◆ Task brief ◆
Reprint all entries without any alteration.

○ ○ ○ ○ ○

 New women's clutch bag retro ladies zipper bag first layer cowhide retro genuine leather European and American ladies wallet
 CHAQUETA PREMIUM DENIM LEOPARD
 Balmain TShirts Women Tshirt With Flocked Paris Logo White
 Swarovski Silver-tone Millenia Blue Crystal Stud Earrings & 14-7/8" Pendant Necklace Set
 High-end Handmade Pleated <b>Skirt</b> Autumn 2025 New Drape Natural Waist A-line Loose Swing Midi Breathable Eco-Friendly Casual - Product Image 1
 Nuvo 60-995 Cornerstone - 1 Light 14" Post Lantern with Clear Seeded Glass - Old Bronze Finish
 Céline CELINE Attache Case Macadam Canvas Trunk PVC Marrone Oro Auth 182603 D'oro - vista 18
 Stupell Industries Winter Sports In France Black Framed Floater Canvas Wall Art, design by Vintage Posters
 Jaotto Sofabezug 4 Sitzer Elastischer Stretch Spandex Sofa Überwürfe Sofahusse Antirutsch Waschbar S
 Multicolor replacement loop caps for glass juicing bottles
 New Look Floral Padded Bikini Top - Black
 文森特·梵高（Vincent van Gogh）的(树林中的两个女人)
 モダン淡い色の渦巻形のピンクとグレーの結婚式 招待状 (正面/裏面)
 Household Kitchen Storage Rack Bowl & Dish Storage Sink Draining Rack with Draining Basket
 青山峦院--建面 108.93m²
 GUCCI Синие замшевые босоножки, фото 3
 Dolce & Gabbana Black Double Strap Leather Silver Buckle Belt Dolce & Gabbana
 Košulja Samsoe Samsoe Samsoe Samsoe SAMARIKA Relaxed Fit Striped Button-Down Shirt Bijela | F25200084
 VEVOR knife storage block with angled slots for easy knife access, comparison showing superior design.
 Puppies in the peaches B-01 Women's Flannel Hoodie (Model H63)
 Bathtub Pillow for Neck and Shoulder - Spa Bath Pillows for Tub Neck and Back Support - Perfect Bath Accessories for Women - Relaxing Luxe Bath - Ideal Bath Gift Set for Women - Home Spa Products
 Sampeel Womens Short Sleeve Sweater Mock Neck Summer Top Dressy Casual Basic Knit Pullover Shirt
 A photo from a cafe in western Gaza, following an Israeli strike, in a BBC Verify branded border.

○ ○ ○ ○ ○

◆ Written response ◆
 New women's clutch bag retro ladies zipper bag first layer cowhide retro genuine leather European and American ladies wallet
 CHAQUETA PREMIUM DENIM LEOPARD
 Balmain TShirts Women Tshirt With Flocked Paris Logo White
 Swarovski Silver-tone Millenia Blue Crystal Stud Earrings & 14-7/8" Pendant Necklace Set
 High-end Handmade Pleated <b>Skirt</b> Autumn 2025 New Drape Natural Waist A-line Loose Swing Midi Breathable Eco-Friendly Casual - Product Image 1
 Nuvo 60-995 Cornerstone - 1 Light 14" Post Lantern with Clear Seeded Glass - Old Bronze Finish
 Céline CELINE Attache Case Macadam Canvas Trunk PVC Marrone Oro Auth 182603 D'oro - vista 18
 Stupell Industries Winter Sports In France Black Framed Floater Canvas Wall Art, design by Vintage Posters
 Jaotto Sofabezug 4 Sitzer Elastischer Stretch Spandex Sofa Überwürfe Sofahusse Antirutsch Waschbar S
 Multicolor replacement loop caps for glass juicing bottles
 New Look Floral Padded Bikini Top - Black
 文森特·梵高（Vincent van Gogh）的(树林中的两个女人)
 モダン淡い色の渦巻形のピンクとグレーの結婚式 招待状 (正面/裏面)
 Household Kitchen Storage Rack Bowl & Dish Storage Sink Draining Rack with Draining Basket
 青山峦院--建面 108.93m²
 GUCCI Синие замшевые босоножки, фото 3
 Dolce & Gabbana Black Double Strap Leather Silver Buckle Belt Dolce & Gabbana
 Košulja Samsoe Samsoe Samsoe Samsoe SAMARIKA Relaxed Fit Striped Button-Down Shirt Bijela | F25200084
 VEVOR knife storage block with angled slots for easy knife access, comparison showing superior design.
 Puppies in the peaches B-01 Women's Flannel Hoodie (Model H63)
 Bathtub Pillow for Neck and Shoulder - Spa Bath Pillows for Tub Neck and Back Support - Perfect Bath Accessories for Women - Relaxing Luxe Bath - Ideal Bath Gift Set for Women - Home Spa Products
 Sampeel Womens Short Sleeve Sweater Mock Neck Summer Top Dressy Casual Basic Knit Pullover Shirt
 A photo from a cafe in western Gaza, following an Israeli strike, in a BBC Verify branded border.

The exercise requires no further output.